Bize Muallâ b. Esed, ona Vuheyb, ona Hişâm b. Urve, ona babası (Urve b. Zübeyir), ona da Âişe'nin (r.anha) rivayet ettiğine göre Hz. Peygamber (sav) şu duayı söylerdi: "Allah'ım! Tembellikten, yaşlılıktan, günah işlemekten ve borçlu olmaktan sana sığınırım. Allah'ım! kabir fitnesinden ve azabından, Cehennem fitnesinden ve azabından, zenginlik fitnesinin şerrinden Sana sığınırım. Fakirlik fitnesinin şerrinden Sana sığınırım. Mesih Deccal fitnesinin şerrinden Sana sığınırım. Allah'ım! Kar ve dolu suyu ile günahlarımı yıka. Beyaz elbisenin kirden arındırıldığı gibi kalbimi günahlardan arındır. Doğu ile batıyı birbirinden uzaklaştırdığın gibi benimle de günahlarımın arasını uzaklaştır."
Bize Musa b. İsmail, ona Selam b. Ebu Mutî, ona Hişam b. Urve, ona babası, ona da teyzesinin (Hz. Aişe) söylediğine göre Rasulullah (sav) şöyle istiaze (dua) ederdi: "Allah'ım! Cehennem fitnesinden ve cehennem azabından, kabir fitnesinden ve kabir azabından, zenginliğin fitnesinden, fakirliğin fitnesinden ve Mesih Deccal'in fitnesinden sana sığınırım."

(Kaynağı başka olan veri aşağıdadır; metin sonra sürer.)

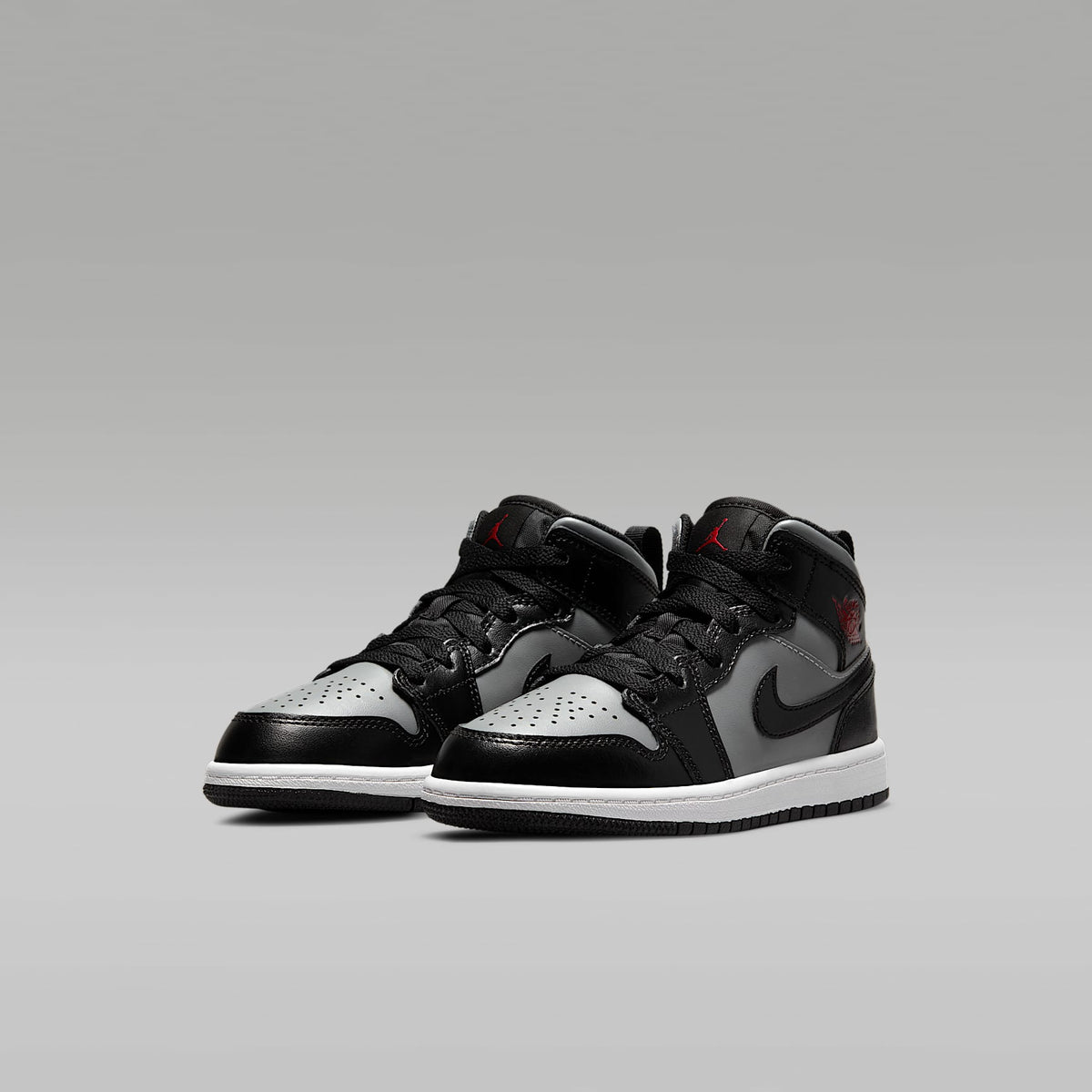 Jordan 1 Mid – Negro/Gris partícula/Blanco/Rojo gimnasio – vista 5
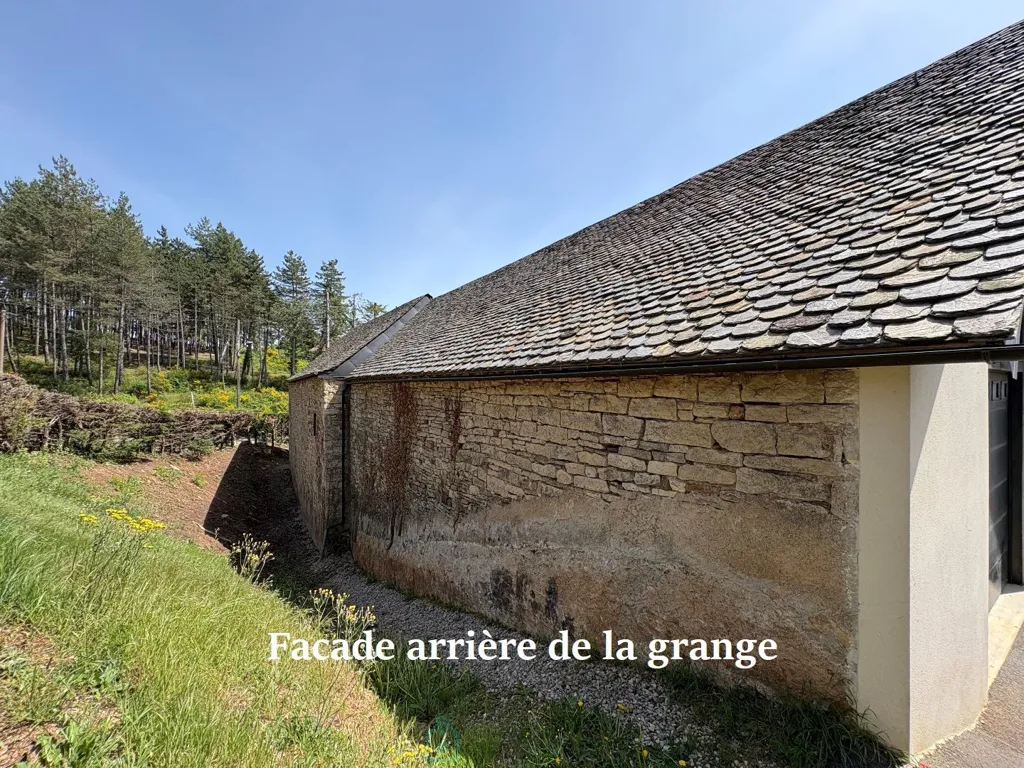 Extérieur - Propriété avec Piscine et Jardin au Cœur de la Lozère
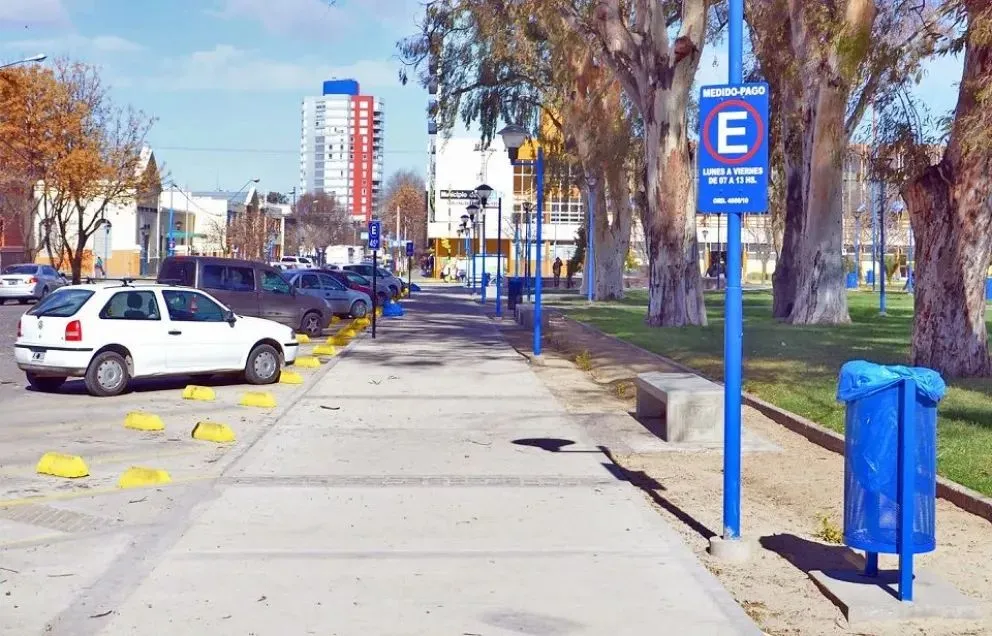 En el centro quedarán menos calles gratuitas para estacionar. Foto archivo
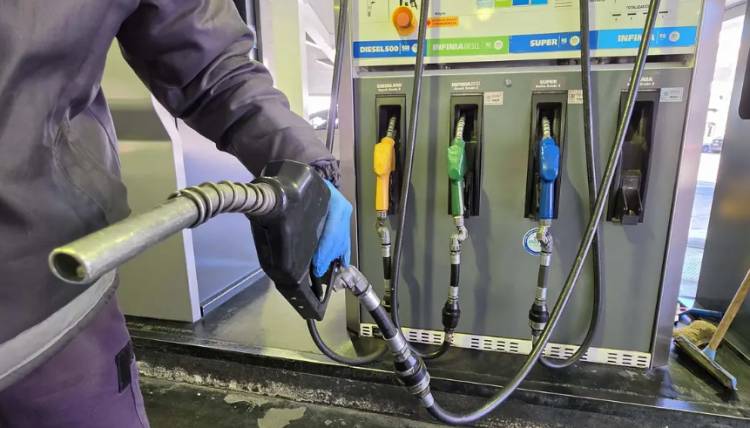 El Gobierno postergó otra vez la actualización del impuesto a los combustibles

Bize Hammâd b. Humeyd, ona Abdullah b. Muâz, ona babası (Muâz b. Muâz), ona Şu'be, ona Sa'd b. İbrahim, ona da Muhammed b. Munkedir şöyle demiştir: Ben Cabir b. Abdullah'ı İbnu Sayyâd'ın Deccâl olduğuna, Allah adına yemin ederken gördüm. Ona “sen bu konuda Allah adına nasıl yemin edersin?” dedim. O da “onun deccâl olduğuna dair, Ömer'i, Peygamber'in (sav) huzurunda yemin ederken duydum. Hz. Peygamber (sav), de Ömer'in bu yeminini reddetmedi” dedi
Bize Ebu Yemân, ona Şuayb, ona Zuhrî, ona Übeydullah b. Abdullah b. Utbe b. Mesud, ona da Ebu Saîd el-Hudrî şöyle demiştir: Rasulullah (sav) bir gün bizlere Deccâl'den uzunca bahsetti ve konuşmasında şunları da söyledi: "Deccâl gelecek, ama Medine kapılarından içeriye girmesi ona yasaktır. Sadece Medine etrafındaki çorak ve çakıllı bir arazide konaklayacak. O gün Medine halkının en hayırlısı, yahut insanların hayırlılarından birisi, Deccâl'a karşı çıkar ve “ben şehadet ederim ki, muhakkak sen, Rasulullah'ın bize haber verdiği Deccâl'sın” der. Bunun üzerine Deccâl, etrafındakilere “şimdi ben bu adamı öldürür, sonra diriltirsem, benim tanrılığımdan hala şüphe duyar mısın?” diye sorar. Onlar da “hayır şüphe etmeyiz” derler. Deccâl hemen o adamı öldürür, sonra da diriltir. Diriltir diriltmez o adam “vallahi, senin Deccâl olduğuna dair kanaatim, öncekinden daha fazla kuvvetlidir” der. Bu defa Deccâl bu adamı tekrar öldürmek ister, fakat bir daha ona musallat olamaz (onu öldürmeye gücü yetmez.)"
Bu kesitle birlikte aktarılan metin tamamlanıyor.